[[ Extracted information open ]]

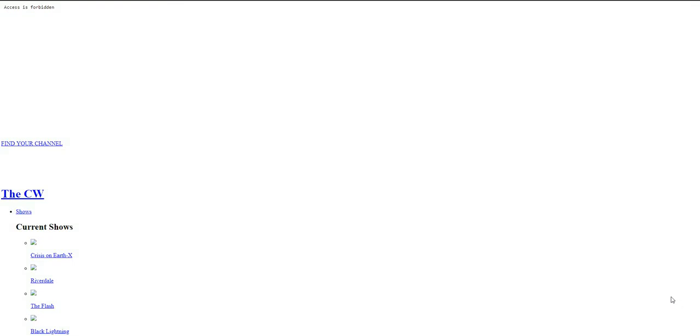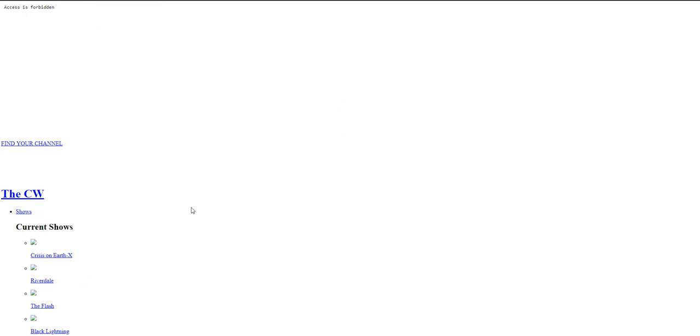The new season of Arrow is about to start, and if you're located, like me, outside of the U.S. and you want to stream it on the CW's website, when you go to cwtv.com, you're going to end up seeing a page like this. You've got access is forbidden, none of the links work, it's a real bummer.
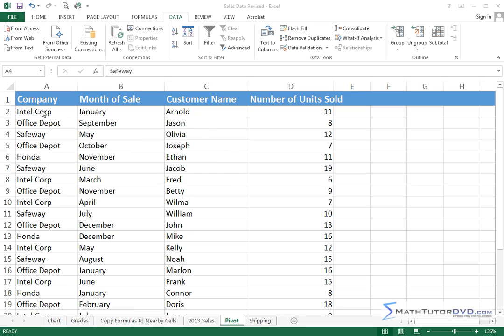In the company name column here, we sell to these different people that are buying from us. We sell to Intel, we sell to Office Depot, we sell to Safeway, if you skip down here we also sell to Honda, and so on. You can see a lot of these are duplicated after a while because we do a lot of business with these different people.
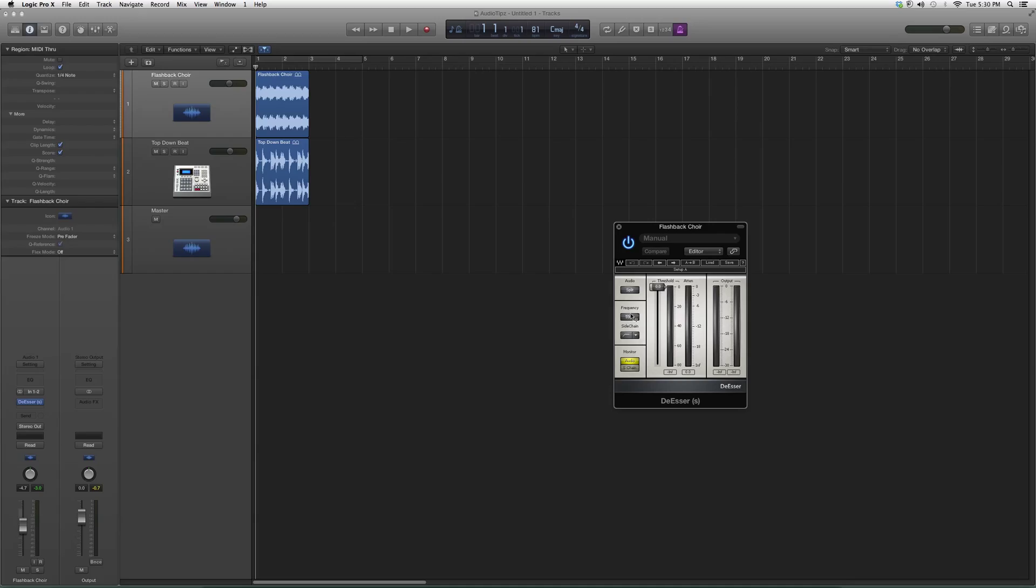got your frequency range right here that you want to attack. You got your threshold, the point at which this plugin occurs. We can sidechain it or audio monitor it, we can split it or widen it. It's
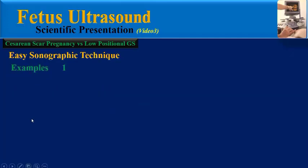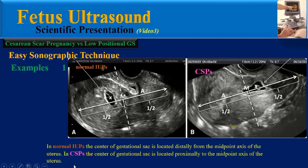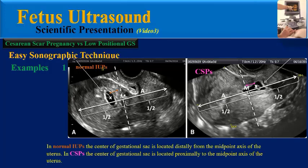Some examples of this technique: this is a normal IUP and this is a CSP. In a normal IUP, the center of the gestational sac is located distally from the midpoint axis of the uterus. But in CSP, the center of the gestational sac is located proximally to the midpoint axis of the uterus.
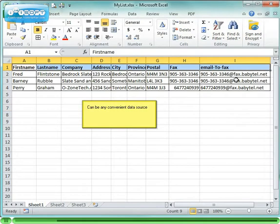For this demo I'm using Excel as my data source, but it could be anything that works for you in a Mail Merge application.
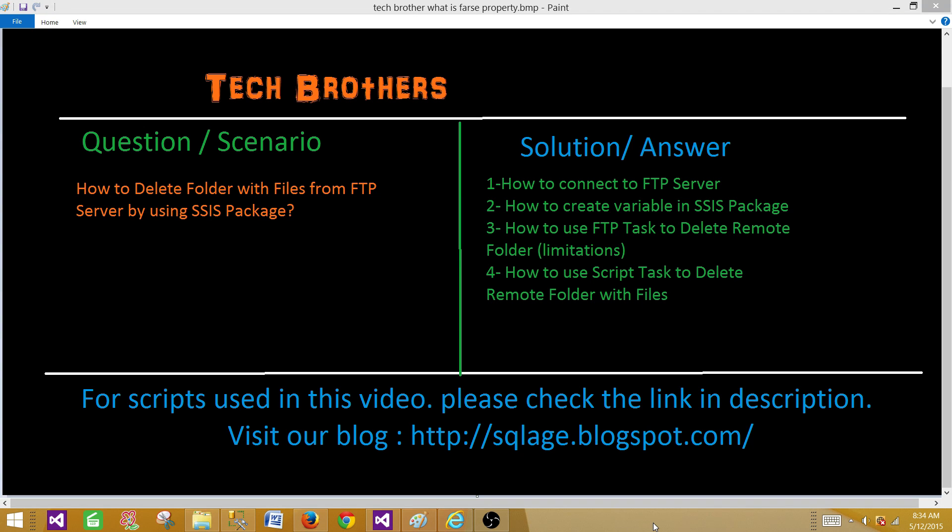Welcome to Tech Brothers with Amir. Today we are going to learn how to delete a folder with files from an FTP server by using an SSIS package.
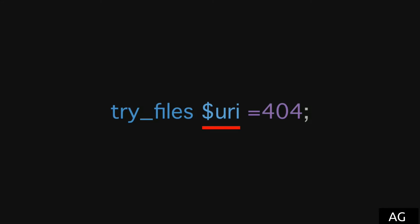In this case, it'll say, first try looking for the resource as per the URI, and this is simply a variable available in the Nginx configuration, which just equates to the URI location, slash downloads, slash flags, slash iceland.gif.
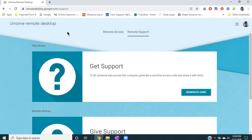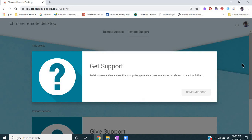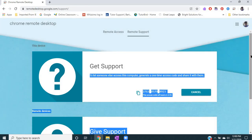Once you are here, the first time you may have to download Chrome Remote Desktop. I did have to do that, but now I have it and I would click on "Get Support" because I want to let someone else access this computer. It will generate a one-time access code, so I'll hit "Generate Code" and a code comes up. Now you would tell your student what that code is.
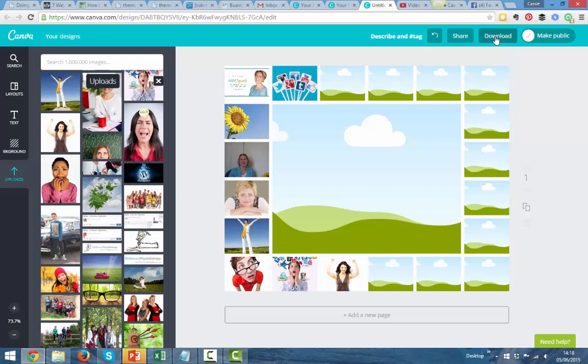I hope that's been helpful. Quick guide to creating a photo collage using Canva. Thanks, and I'll see you on the next video.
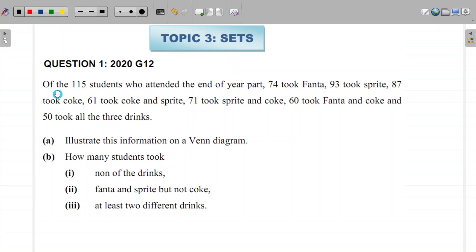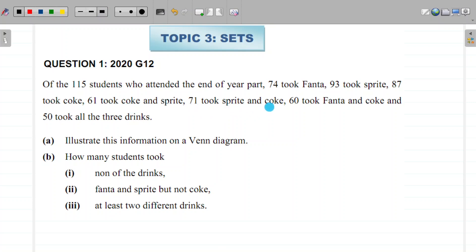This question came in the 2020 Grade 12 exam. It says: of the 115 students who attended the end of year party, 74 took Fanta, 93 took Sprite, 87 took Coke, 61 took Fanta and Sprite, 71 took Sprite and Coke, 60 took Fanta and Coke, and 50 took all three drinks.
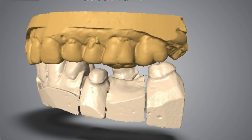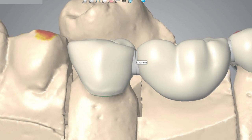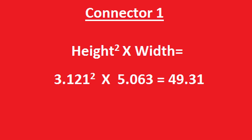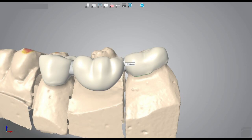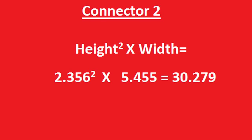This is another case that I have. I don't really have the models as this is an old case, but just to show you I have the scanned images and this is the three-unit bridge which we designed in the software for this particular case. This is the first connector which has a height of 3.121 mm and it has a width of 5.063 mm. The calculation for this connector — that is the height squared multiplied by the width — is 49.31 mm, which is more than 27 mm, so it looks like a sound connector and will pose no issues as far as the strength goes. The second connector has a height of 2.356 mm and the width is 5.455 mm. This value comes up to 30.279 mm, which is just above 27 mm, so we are safe here.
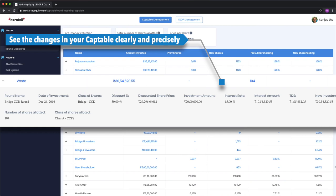All his discounted valuation with respect to the converted CCD comes into the picture along with interest rate and TDS calculations. Now everything has been taken into account and based on that, he has been allotted 104 shares.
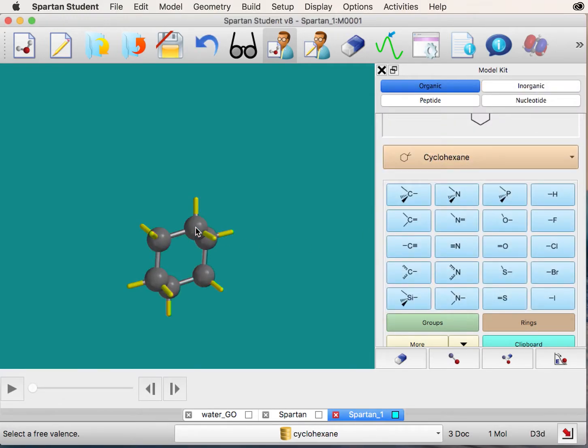Next, click the eraser tool and delete an open valence from two adjacent carbons.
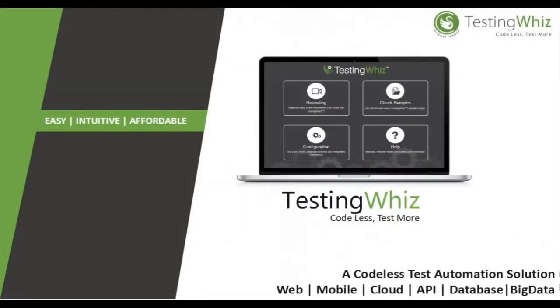Hello and welcome to TestingWhiz, a codeless test automation tool for web, mobile, database web services, API testing, big data testing, and cloud applications.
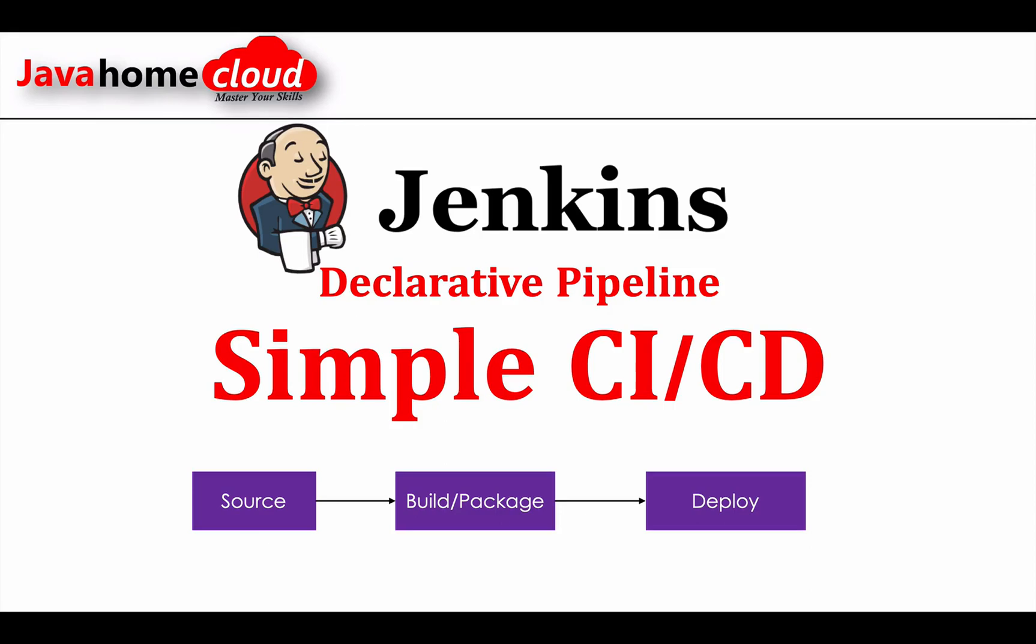In this tutorial we will see how to set up a simple CI/CD process using Jenkins declarative pipeline. Our pipeline will have three stages: source, build package, and deploy.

[[ Extracted information closed ]]

**Exercise**
Please, without any pictures, write out exactly the lines of the listing from its first line through the line that holds "Welcome to Tech", ends included, and nothing beyond them.

**Answer box**
The new season of Arrow is about to start, and if you're located, like me, outside of the U.S. and you want to stream it on the CW's website, when you go to cwtv.com, you're going to end up seeing a page like this. You've got access is forbidden, none of the links work, it's a real bummer.
In the company name column here, we sell to these different people that are buying from us. We sell to Intel, we sell to Office Depot, we sell to Safeway, if you skip down here we also sell to Honda, and so on. You can see a lot of these are duplicated after a while because we do a lot of business with these different people.
got your frequency range right here that you want to attack. You got your threshold, the point at which this plugin occurs. We can sidechain it or audio monitor it, we can split it or widen it. It's
Some examples of this technique: this is a normal IUP and this is a CSP. In a normal IUP, the center of the gestational sac is located distally from the midpoint axis of the uterus. But in CSP, the center of the gestational sac is located proximally to the midpoint axis of the uterus.
For this demo I'm using Excel as my data source, but it could be anything that works for you in a Mail Merge application.
Welcome to Tech Brothers with Amir. Today we are going to learn how to delete a folder with files from an FTP server by using an SSIS package.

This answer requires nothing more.